Exercise objective » Output, exactly as written, the lines below starting at the line containing "Potatoes gnocchi, green" and ending at the line containing "Close-up of a commercial". Drop the pictures and keep both end lines.

Given data »
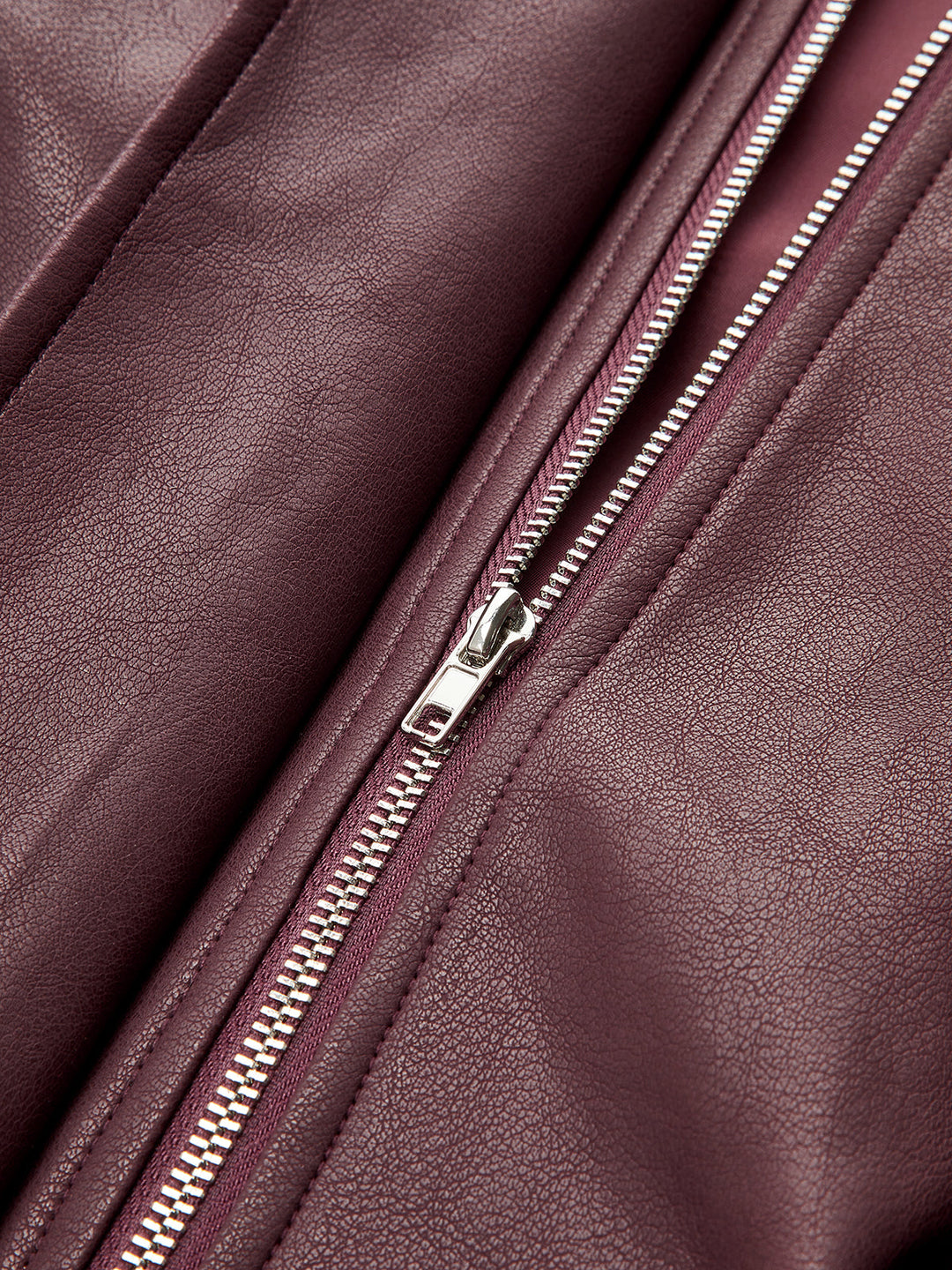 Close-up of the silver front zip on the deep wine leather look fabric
...
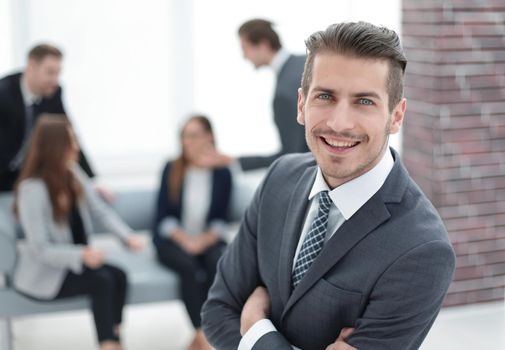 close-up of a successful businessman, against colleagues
---
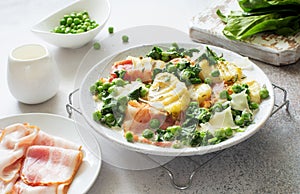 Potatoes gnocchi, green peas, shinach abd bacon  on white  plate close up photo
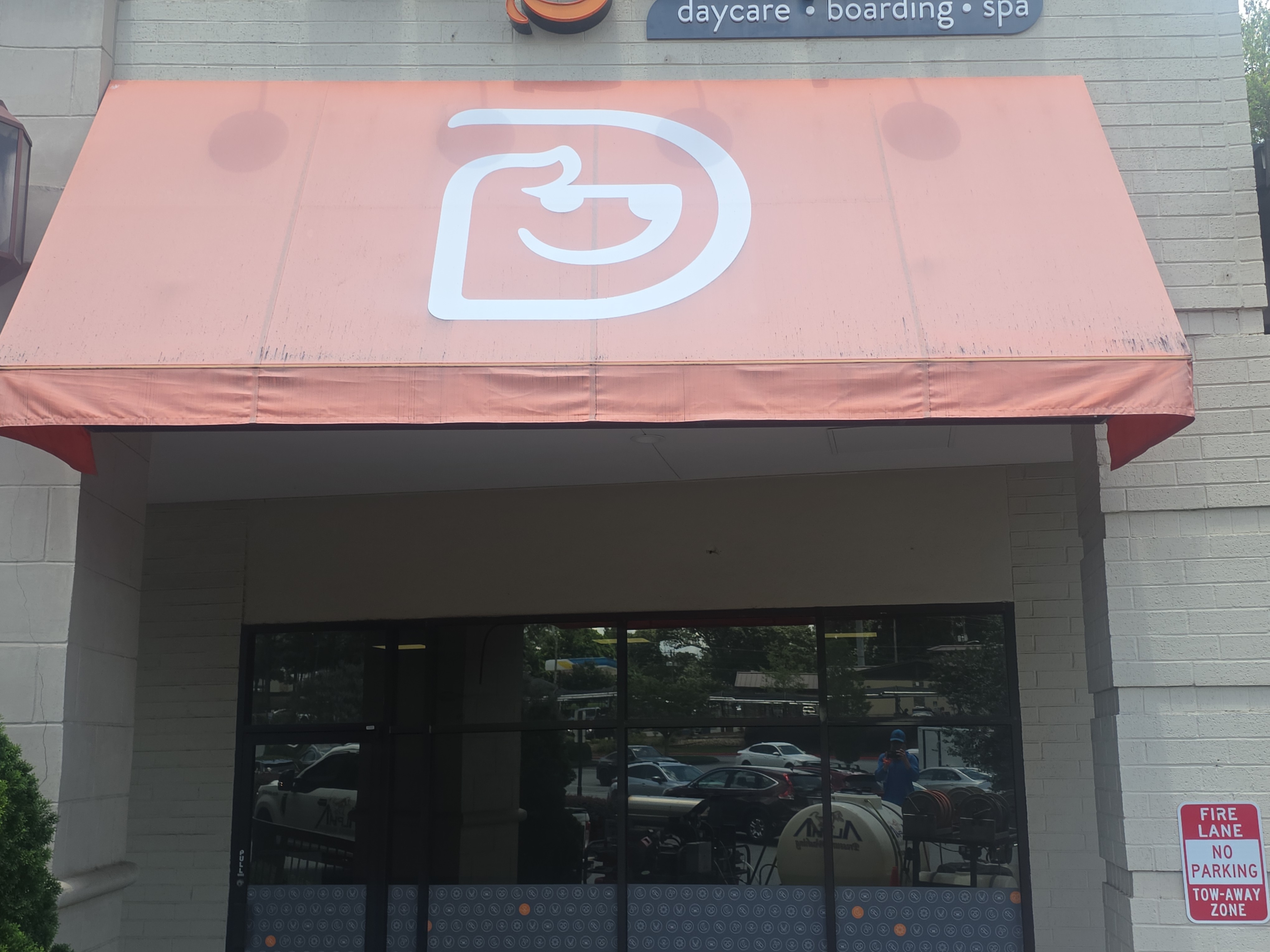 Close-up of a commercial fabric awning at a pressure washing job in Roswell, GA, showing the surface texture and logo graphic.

Answer to this task »
 Potatoes gnocchi, green peas, shinach abd bacon  on white  plate close up photo
 Close-up of a commercial fabric awning at a pressure washing job in Roswell, GA, showing the surface texture and logo graphic.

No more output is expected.